[Mlir-commits] [mlir] Skip address space checks for memrefs between launchOp and kernel func (PR #102925)

Petr Kurapov llvmlistbot at llvm.org
Wed Aug 14 02:32:08 PDT 2024


================
@@ -401,8 +401,29 @@ LogicalResult GPUDialect::verifyOperationAttribute(Operation *op,
              << expectedNumArguments;
 
     auto functionType = kernelGPUFunction.getFunctionType();
+    auto typesMatch = [&](Type launchOpArgType, Type gpuFuncArgType) {
+      auto launchOpMemref = dyn_cast<MemRefType>(launchOpArgType);
+      auto kernelMemref = dyn_cast<MemRefType>(gpuFuncArgType);
+      // Allow address space incompatibility for OpenCL kernels: `gpu.launch`'s
+      // argument memref without address space attribute will match a kernel
+      // function's memref argument with address space `Global`.
+      if (launchOpMemref && kernelMemref) {
+        auto launchAS = llvm::dyn_cast_or_null<gpu::AddressSpaceAttr>(
+            launchOpMemref.getMemorySpace());
+        auto kernelAS = llvm::dyn_cast_or_null<gpu::AddressSpaceAttr>(
+            kernelMemref.getMemorySpace());
+        if (!launchAS && kernelAS &&
+            kernelAS.getValue() == gpu::AddressSpace::Global)
----------------
kurapov-peter wrote:

Thanks for the links!

> According to the OpenCL spec https://registry.khronos.org/OpenCL/specs/3.0-unified/html/OpenCL_API.html#setting-kernel-arguments

I mean the SLM pointer passed from host would be `null` (and having just one pointer is meaningless anyway since each WG would have its own); this is also in the spec, same section:
> If the argument is declared with the local qualifier, the arg_value entry must be NULL.
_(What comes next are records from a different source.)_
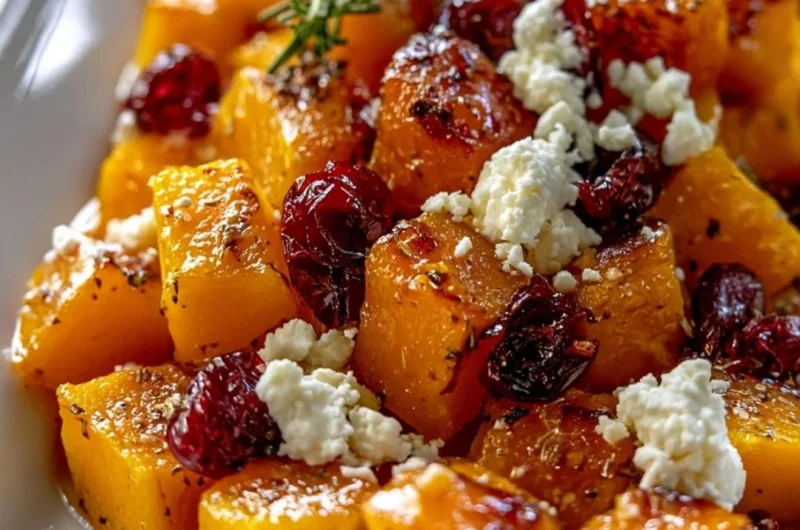 Honey roasted butternut squash with cranberries and feta on a plate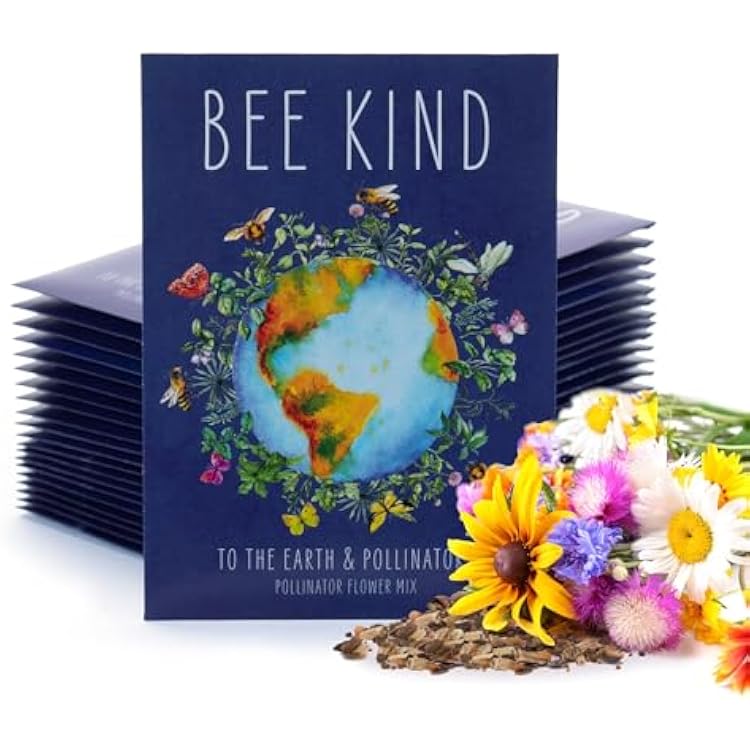 Bentley Seed Co. | Bee Kind Planet | Illustrated Bee Flower Seed Packets | Help Pollinators Environmental Favor for Events | Pollinator Wildflower Mix Seed | Eco-Friendly Hand Out | 25 Pk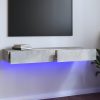 Nappali bútorok, vidaXL betonszürke TV-szekrény LED-világítással 120 x 35 x 15,5 cm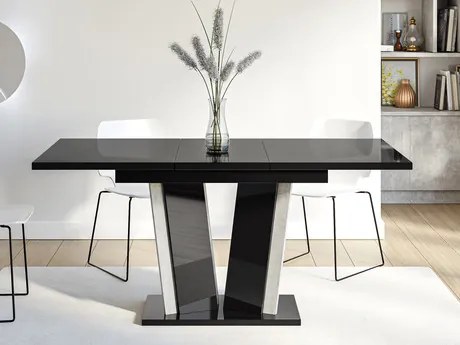 Masă sufragerie extensibilă Ledysa II (Stejar artisan + Negru) (pentru 2-6 persoane). 1105389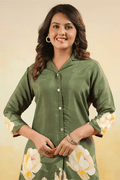 Elegant Olive Green Floral Co - Ord Set - Qurbat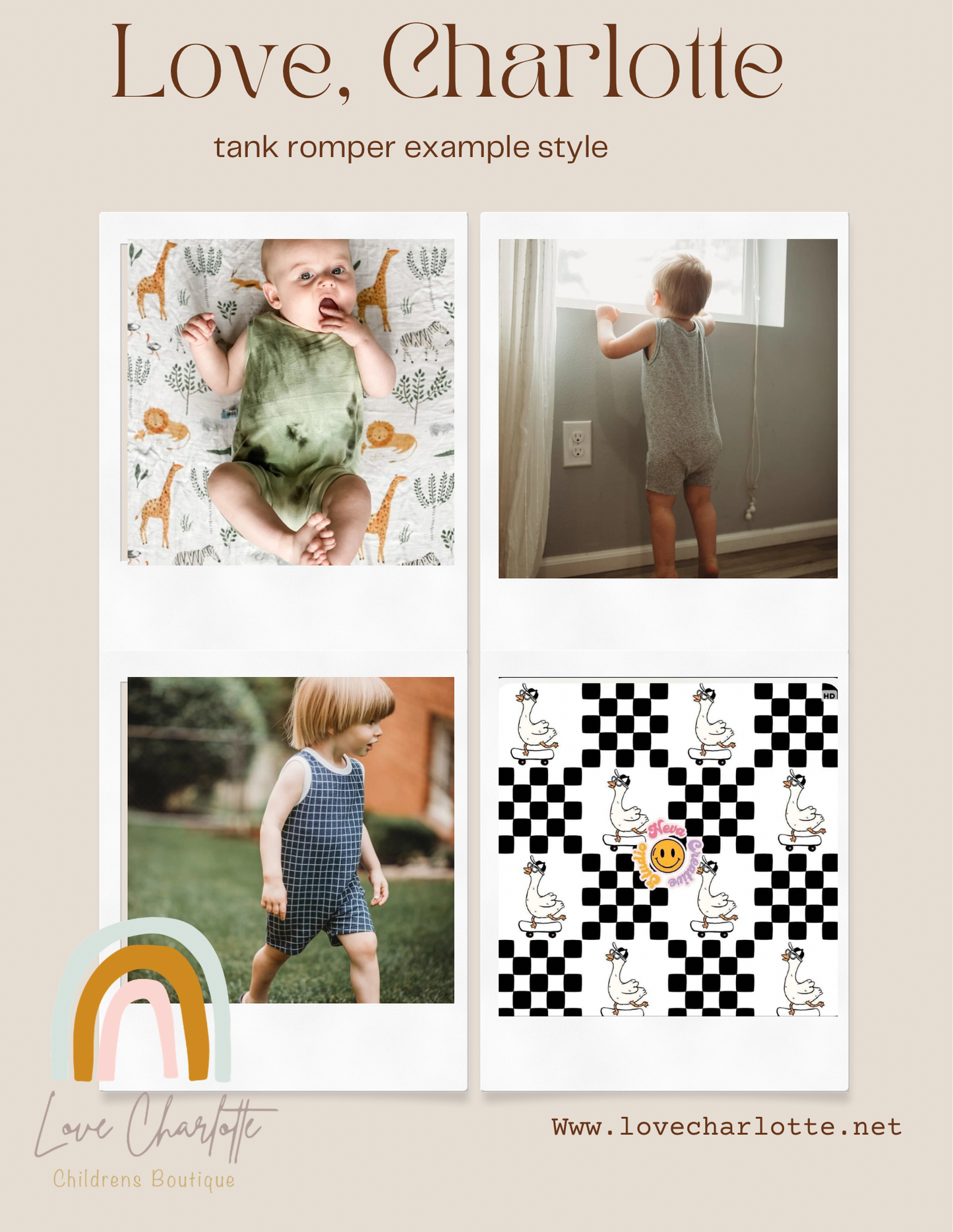 Check goose Tank romper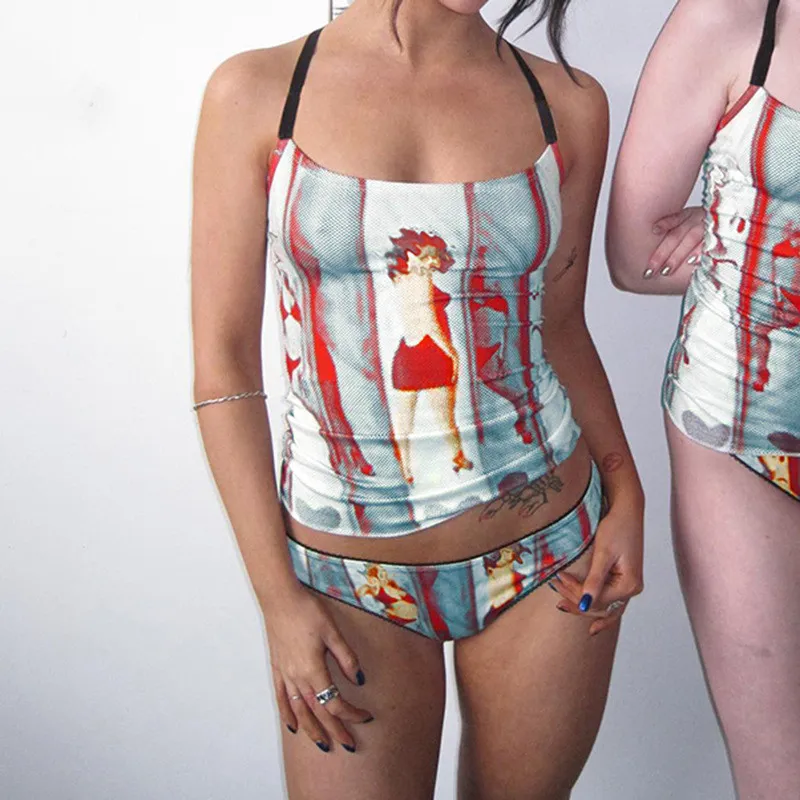 Fashion Vintage Print CamisOLe Feminine Outdoor Wear Low Back Basic Tank Top 5 Fashion Vintage Print CamisOLe Feminine Outdoor Wear Low Back Basic Tank Top - Image 3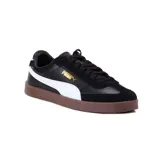 Championes Puma Club II Era, color negro con detalles en blanco y suela marrón.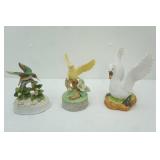 Ceramic Swan Figurine, 2 Ceramic Music Boxes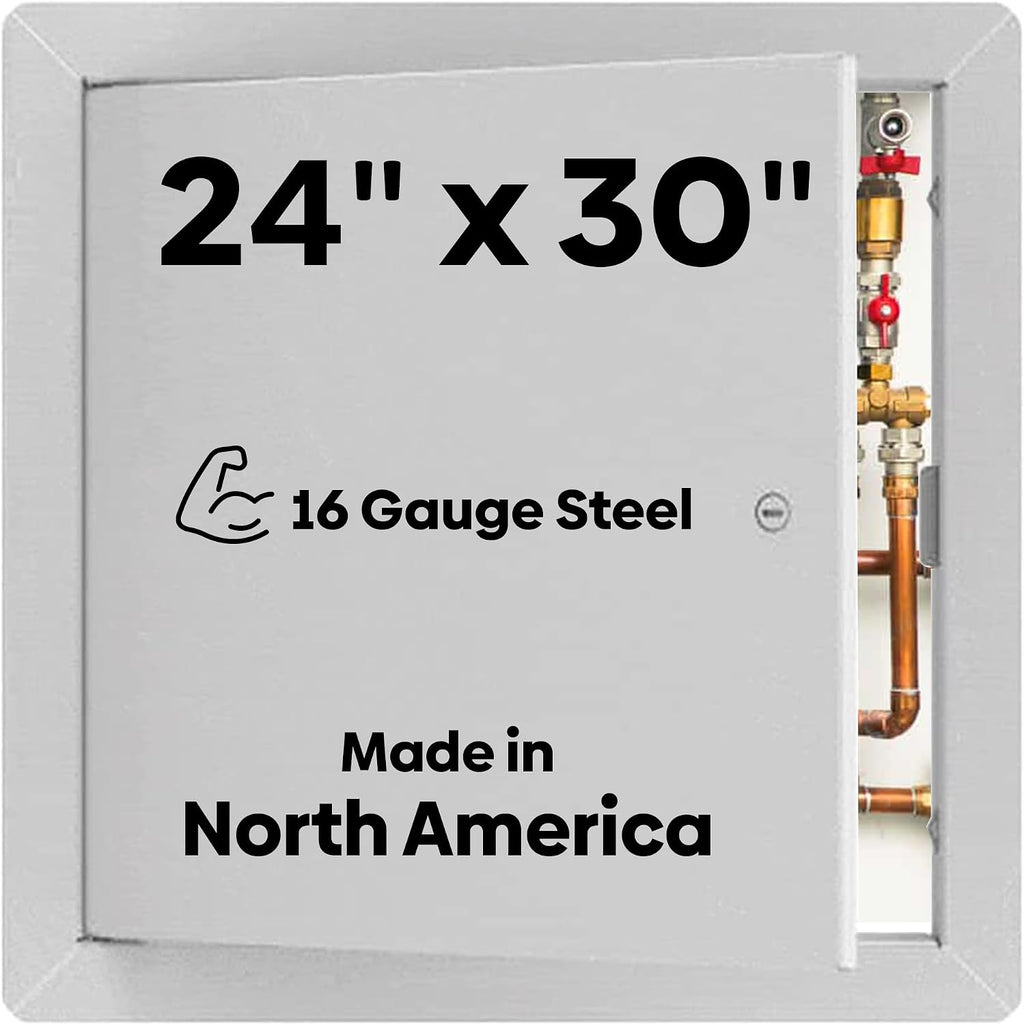 BEST BA-AHD 24' x 30' Metal Access Panel with Concealed Pin Hinge, LEED Compliant 16-Gauge Steel Access Door for Non-Rated Drywall/Ceilings, White Drywall Panel with Rounded Corners, Screwdriver Latch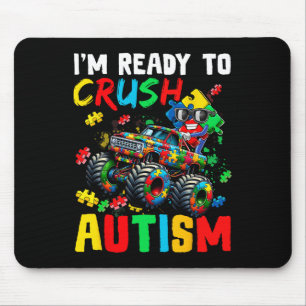 Monster Truck Ready To Crush Austim Shirt Autism A Mouse Mat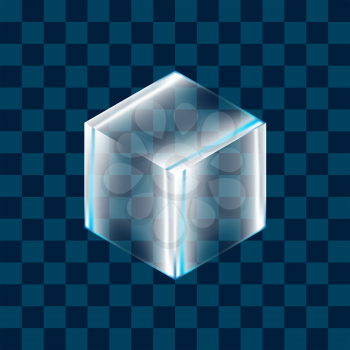 Realistic Ice cube with reflections on the transparent background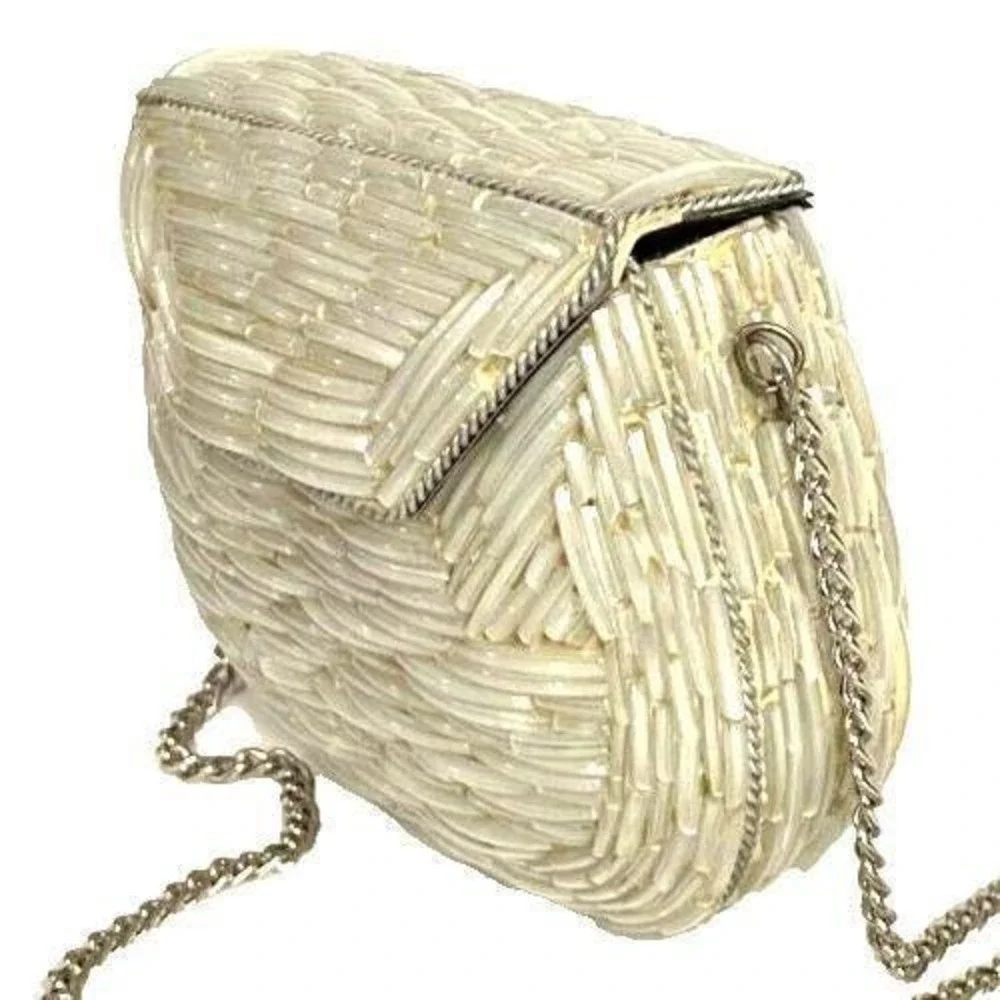 Vintage Glass Mosaic Evening Bag Small Crossbody Purse Flap Latch Chain‎ Strap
We can allow it, but I don't see any practical sense. If a kernel has a parameter marked as local, then the caller should already know about it. In other words, the memory pointer (let's forget that it is NULL for a moment) that is passed to the kernel does not come from a runtime-managed buffer that can migrate between devices. Hence, no such problem should exist for those.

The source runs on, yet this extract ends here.